4The applicant submitted that he was only seeking IRB from December 9, 2022, to July 7, 2024, instead of December 23, 2022, to an ongoing period mentioned in the Case Conference Report and Order (“CCRO”). The respondent addressed this period in its submissions.
RESULT
5For the reasons below, I find that:
i. The applicant’s injuries are not predominantly minor, and therefore, he is entitled to treatment beyond the monetary limit of the MIG.
ii. The applicant is not eligible for the physiotherapy treatment plans totalling $4,169.30; $3,935.12; $2,766.48; and $103.81 ($1,289.59 less $1,185.78 approved).
iii. The applicant is entitled to the treatment plan for chronic pain assessment amounting to $2,413.00, plus interest.
iv. The applicant is not entitled to the IRB or an award.
ANALYSIS
Are the applicant’s injuries predominantly minor?
6I find that the applicant’s injuries are not predominantly minor, and thus, the monetary limit of the MIG does not apply.

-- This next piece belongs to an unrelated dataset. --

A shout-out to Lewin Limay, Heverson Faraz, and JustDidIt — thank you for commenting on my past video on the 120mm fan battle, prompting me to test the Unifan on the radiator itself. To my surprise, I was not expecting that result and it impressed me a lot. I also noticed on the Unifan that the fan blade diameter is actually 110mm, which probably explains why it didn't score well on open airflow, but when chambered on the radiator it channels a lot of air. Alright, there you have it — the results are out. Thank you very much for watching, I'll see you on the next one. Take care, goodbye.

7Section 18(1) of the Schedule provides that medical and rehabilitation benefits are limited to $3,500.00 if the insured sustains impairments that are predominantly a minor injury. Section 3(1) defines a “minor injury” as “one or more of a sprain, strain, whiplash-associated disorder, contusion, abrasion, laceration or subluxation and includes any clinically associated sequelae to such an injury.”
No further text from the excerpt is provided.